Exercise:
What is needed here is every line of the records that includes "Outdoor".

Records for processing:

______________________________

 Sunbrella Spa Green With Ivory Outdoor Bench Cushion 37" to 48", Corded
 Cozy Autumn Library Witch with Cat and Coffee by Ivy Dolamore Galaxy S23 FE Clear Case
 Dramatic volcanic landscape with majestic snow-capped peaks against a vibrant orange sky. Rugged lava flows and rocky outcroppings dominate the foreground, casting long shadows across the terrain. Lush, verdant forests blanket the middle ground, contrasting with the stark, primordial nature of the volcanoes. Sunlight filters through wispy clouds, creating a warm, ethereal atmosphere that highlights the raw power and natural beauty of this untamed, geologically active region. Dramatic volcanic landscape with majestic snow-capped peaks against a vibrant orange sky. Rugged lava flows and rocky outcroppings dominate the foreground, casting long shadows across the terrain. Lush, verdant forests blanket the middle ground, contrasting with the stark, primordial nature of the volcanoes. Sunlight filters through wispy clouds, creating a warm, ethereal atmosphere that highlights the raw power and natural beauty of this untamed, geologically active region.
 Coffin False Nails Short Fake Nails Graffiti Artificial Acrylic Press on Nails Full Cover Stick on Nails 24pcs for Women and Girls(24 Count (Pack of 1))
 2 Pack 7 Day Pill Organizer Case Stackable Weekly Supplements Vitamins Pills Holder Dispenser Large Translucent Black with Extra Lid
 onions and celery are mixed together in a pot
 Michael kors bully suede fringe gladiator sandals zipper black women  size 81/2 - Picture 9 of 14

______________________________

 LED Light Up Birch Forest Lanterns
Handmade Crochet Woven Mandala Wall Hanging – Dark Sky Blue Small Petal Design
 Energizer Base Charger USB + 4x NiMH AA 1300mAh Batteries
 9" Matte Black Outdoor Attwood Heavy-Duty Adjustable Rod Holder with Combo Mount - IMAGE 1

______________________________

Result of the exercise:
 Sunbrella Spa Green With Ivory Outdoor Bench Cushion 37" to 48", Corded
 9" Matte Black Outdoor Attwood Heavy-Duty Adjustable Rod Holder with Combo Mount - IMAGE 1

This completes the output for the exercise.